My friend Annie and I had arrived in Salta the night before, flying in from Buenos Aires. It was the beginning of April, and Easter with its string of closed shops, museums, restaurants and bars, had pushed us out of the empty capital 2 days in advance on our well-honed schedule. We had 2 weeks to spend in Argentina and we surely didn’t want to miss a thing.

However, the arrival at the Salta airport was less than glorified as a thin rain was awaiting us. The same tiny but continuous drops welcomed us at 6.30 the next morning while we were heading to the meeting point with Ramiro, our guide for the day’s excursion to Cachi. Ramiro, whose name he pronounced “Jamirro”, was an upbeat and deeply tanned man in his mid 20’s. He told us very mysteriously that in spite of the mediocre weather we would still have plenty of things to see. “Yeah, right” was my reply but I kept it to myself not wanting to start the day with the open aggression of an innocent fellow.
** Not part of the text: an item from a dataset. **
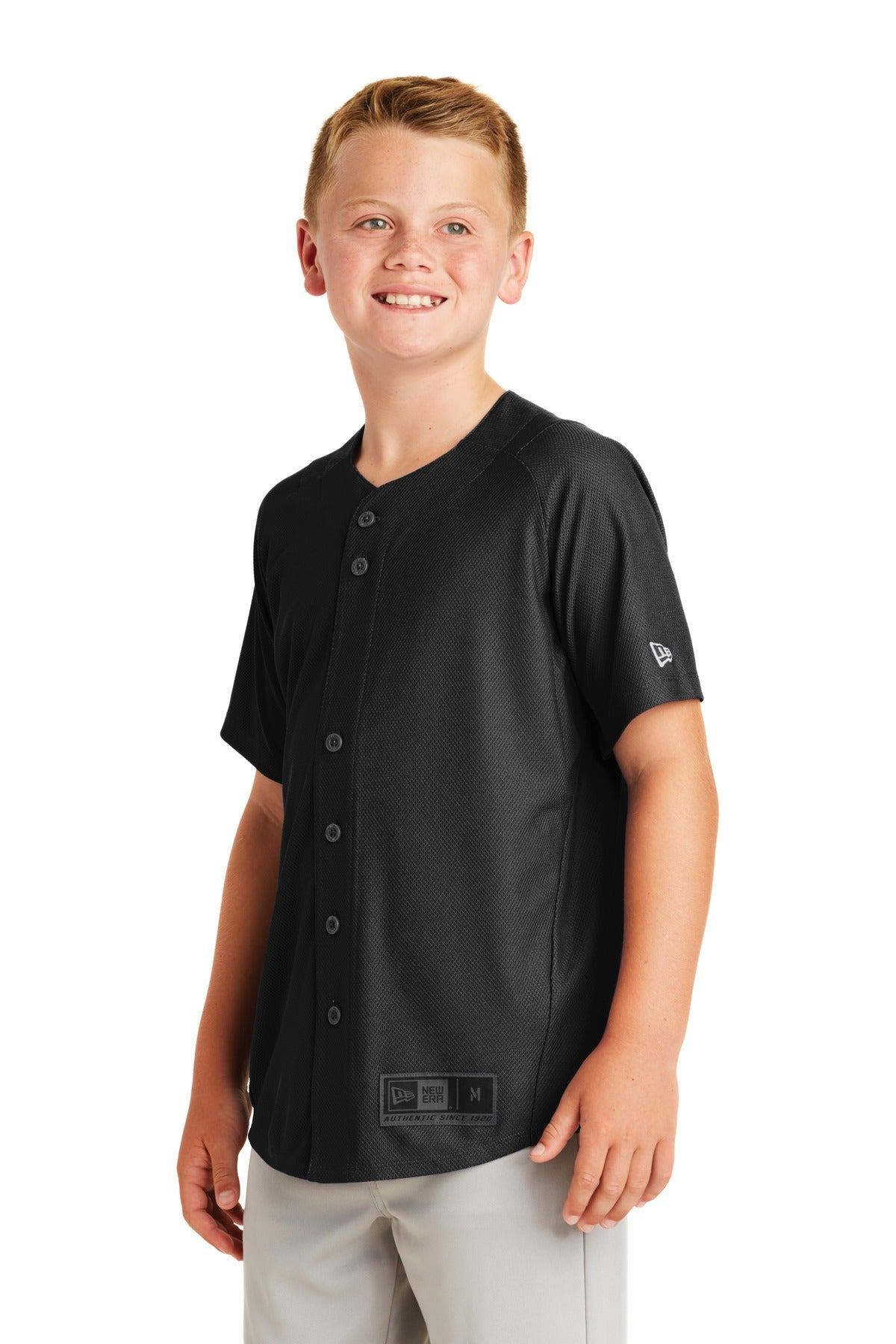 Black New Era Youth Diamond Era Full-Button Jersey. YNEA220 plain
While we were driving up the mountain to our destination, I was grimly pondering over our lack of chance. First Buenos Aires, and then that! Nothing was there to change that view as we kept spiraling in a dense fog. Even worse, Ramiro pointed us to a part of the road where a few years before a mud slide has caused a bus accident and several dozens of casualties.

My friend, part from the sinuous road, part from the story, started to feel something funny was happening to her stomach. She was turning a worrisome shade of grey, when Ramiro passed her some coca leaves, a well known remedy in that situation according to him. Our driver, who was already conscientiously munching, confirmed his saying. At first my friend didn’t dare to take them. Was it legal and was it safe, we were both wondering. Ramiro told us that the consumption of coca leaves was authorized in Argentina but that it was illegal to leave the country with this natural remedy. And he explained very seriously that chewing coca leaves doesn’t turn someone into an addict, just as eating grapes doesn’t make someone an alcoholic. We liked his analogy and both took the coca leaves. The taste was very bitter and I didn’t register any difference in my well-being. My friend seemed to feel better though and we made it out of the mountains without any incidents.

Finally we came to our first stop of the day on a high plateau. Still dazed by the early hour and the difficult trip, we got out of the van and had to immediately take off our rain coats and sweatshirts, the sun being too much too bear. Where did the rain and thick fog go? And then Ramiro took us to the edge of the road and our perspective changed. In front of us, the peaks of the mountains were united in an irregular crown. And at our feet, just on the side of the road, there were clouds, hundreds and hundreds of them, compact and perfectly aligned. It was like being on an airplane but without any obstacles between you and the beauty around. It felt you just had to reach out to touch this white perfection, stretched out like the fluffiest of blankets to cover the city below.

And then we turned around and saw the Andes standing majestically at the end of the horizon, the white of their peaks underlined by the bright blue sky. A straight-line road was heading towards them through a desert landscape. It was Recta Tin Tin, the sacred road the Incas were following to arrive at their worship place in the Andes. Three meter-high cactuses called “cardones” were guarding it from a distance. Ramiro explained that they grow only one centimeter per year and he let us do the astonishing math. There was not a soul around us, and save from the smooth asphalted road and a tiny white chapel, we were looking at the same scenery the Incas had certainly seen six hundred years before! After a few minutes of contemplation, we entered into the chapel to offer coca leaves to the Virgin Mary following a native tradition, and then continued our road to Cachi.

We made a lot of discoveries that day, but those ten minutes at the beginning of the Inca world had the stuff magic is made of.